For no one can lay a foundation other than that which is laid, which is Jesus Christ. — I Cor. 3:11

...You are fellow citizens with the saints and members of the household of God, built on the foundation of the apostles and prophets, Christ Jesus himself. — Eph. 2:19-20


Fight the good fight of the faith. Take hold of the eternal life to which you were called and about which you made the good confession in the presence of many witnesses. — I Tim. 6:12

Since then we have a great high priest who has passed through the heavens, Jesus, the Son of God, let us hold fast our confession. — Heb. 4:14


And this will be my covenant with them when I take away their sins. — Rom 11:27

Our sufficiency is from God, who has made us competent to be ministers of a new covenant, not of the letter but of the Spirit. For the letter kills, but the Spirit gives life" — II Cor. 3:5-6


And let us consider how to stir up one another to love and good works, not neglecting to meet together, as is the habit of some, but encouraging one another, and all the more as you see the Day drawing near." — Heb. 10:24-25

Doctrinal Belief

New Life Presbyterian Church of La Jolla is a catholic, Protestant, Evangelical, and Reformed church of the Lord Jesus Christ

'catholic' in that we identify with the whole of Christ's church as summarized in the Apostles' and Nicene Creeds.

'Protestant' in that we stand with Martin Luther, John Calvin, and others of the Reformation era in their recovery of the Gospel.

'Evangelical' in that we believe the Gospel (Greek: 'evangel') is the message we proclaim in the Church, to the world.

....'Reformed' in that we subscribe as a church to the Reformed doctrinal standards of the Westminster Confession of Faith (with its Larger and Shorter Catechisms).

We also believe that the Bible is not a doctrinal textbook, but an unfolding history of God's redemption and kingdom. Therefore, our teaching and preaching aims to demonstrate how the Bible, from beginning to end, points us to Jesus Christ and the heavenly kingdom of God inaugurated through His death and resurrection.

A summary of what we believe can be summarized using
the '5 Solas' of the Reformation:


Sola Scriptura (Scripture alone)

We believe that the Bible is the inerrant Word of the true and living God, the only infallible rule of faith and practice. We affirm the completeness, finality, and sufficiency of revelation given to us in the Bible alone. While we make use of creeds or councils, common sense and logic, and science, all of these disciplines must be done in manner subservient to the Scriptures.


Sola Christus (Christ alone)

We believe that Christ is the only incarnate self-revelation of God and redeemer of humanity. We confess that Jesus is the only way of knowing God, the only way of entering into a relationship with God, the only way of finding true peace, and the only way of being saved from His eternal wrath. We preach Christ and not moralism, legalism, or politics.


Sola Gratia (Grace alone)

We believe in the sovereignty of God in salvation and all things. We affirm the Calvinist doctrines of total depravity, unconditional election, definite atonement, irresistible grace, and perseverance of the saints.


Sola Fide (Faith alone)

We believe that the only way sinners can draw near to a holy God is to have their sins pardoned and receive the imputed righteousness of Christ. We affirm that justification is by faith alone, a once-for-all act, and that even our best works cannot in any way earn our salvation.

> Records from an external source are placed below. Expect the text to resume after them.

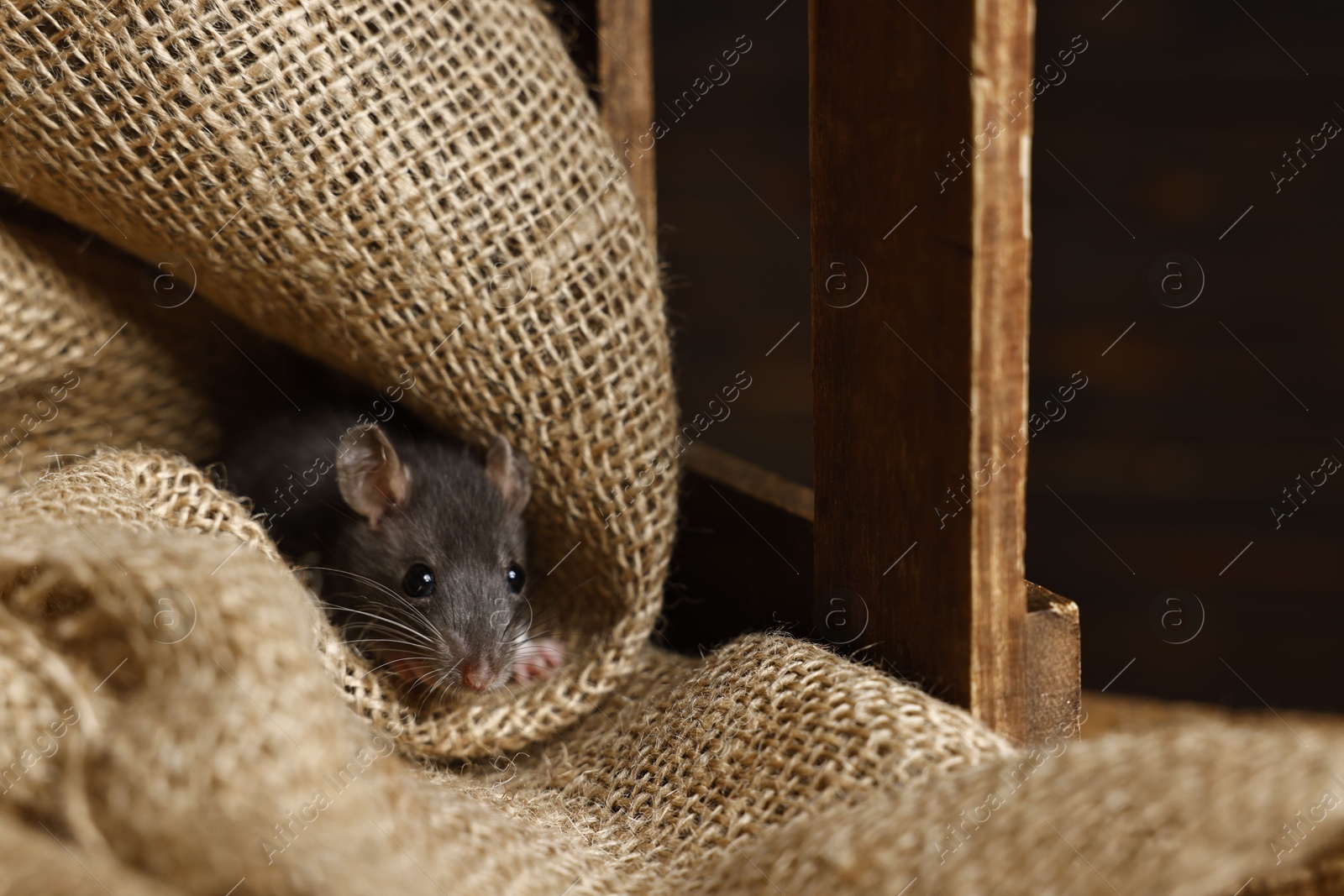 Photo of Grey rat on burlap fabric in wooden crate. Pest control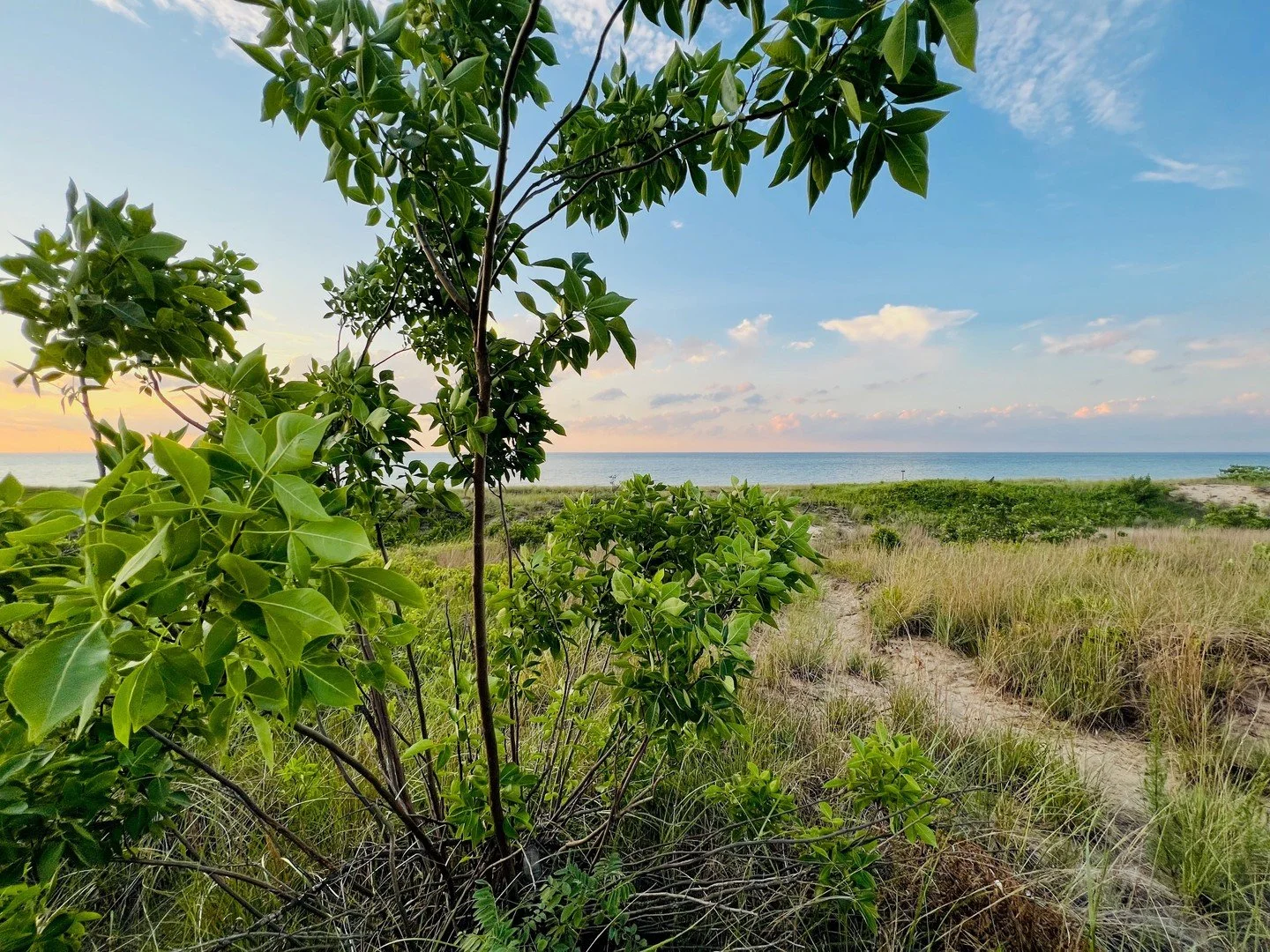 We&rsquo;re waiting for spring 🌱
For the rich greens and dune grass coming back to life along the path to the beach. The season of renewal can&rsquo;t come soon enough.
.
.
.
#SpringInTheDunes #GaryIndiana #IndianaDunes #LakeMichigan #DuneGrass #Pat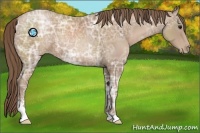 Horse Color:Black Ice Pearl Sabino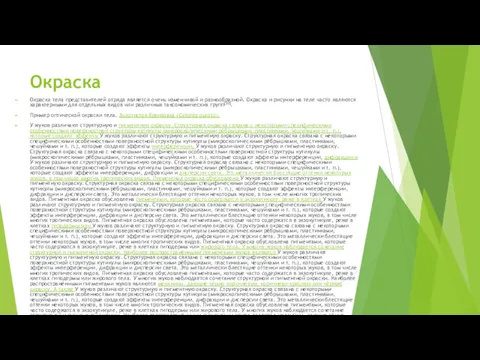 Окраска Окраска тела представителей отряда является очень изменчивой и разнообразной.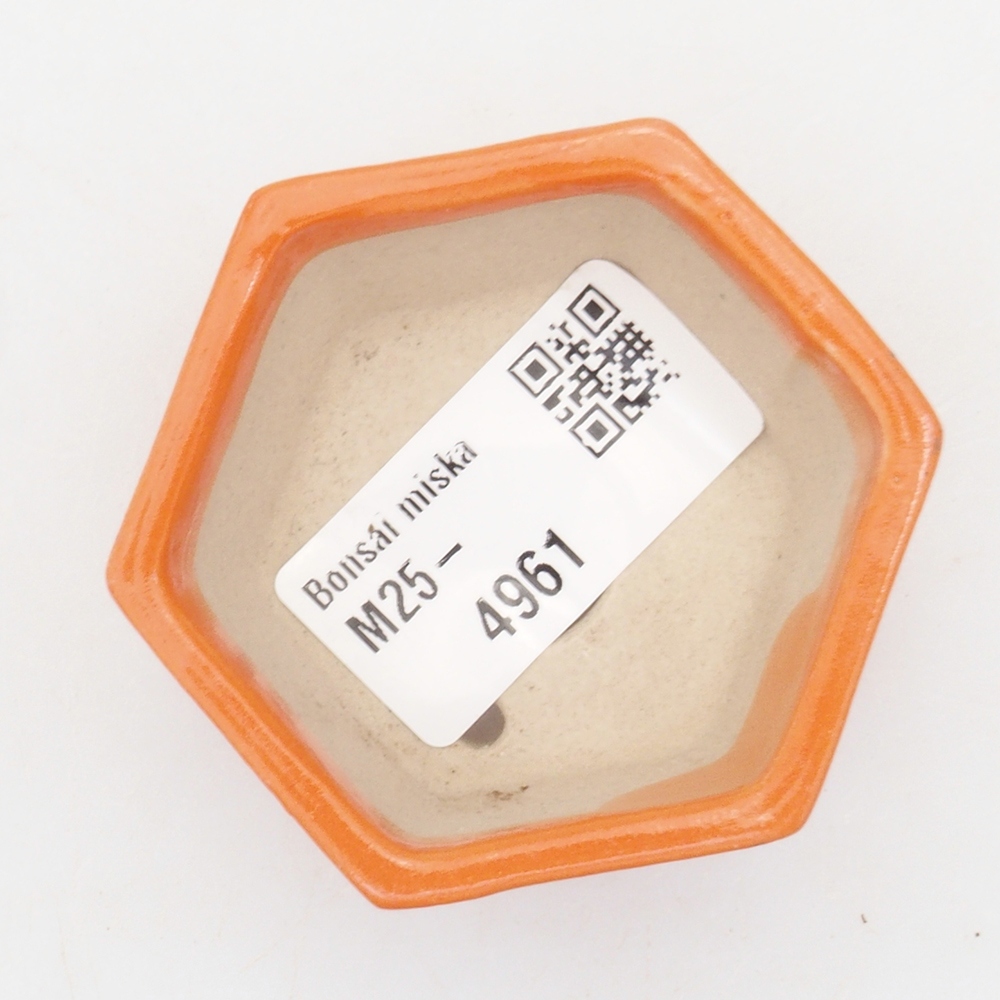 Mini bonsai tál 6 x 5 x 2,5 cm, narancssárga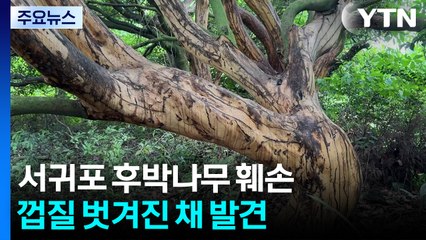 약재 노렸나?...서귀포 후박나무 수십 그루 껍질 벗겨져 / YTN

Soli Deo Gloria (To God's glory alone)

We believe that the chief end of man is to glorify God and enjoy Him forever. We believe that because all of our salvation is accomplished by God in Christ, the Gospel now compels us to live our lives before the face of God, for his glory alone, as we seek to love God and love our neighbors.

Why Presbyterian

Many people have questions about denominational affiliations. If the church is suppose to be one (Ephesians 4), then why are there so many different divisions? If the church truly is Christ's church (and not simply our church), then why do we insist on using labels like 'Presbyterian' to describe our church?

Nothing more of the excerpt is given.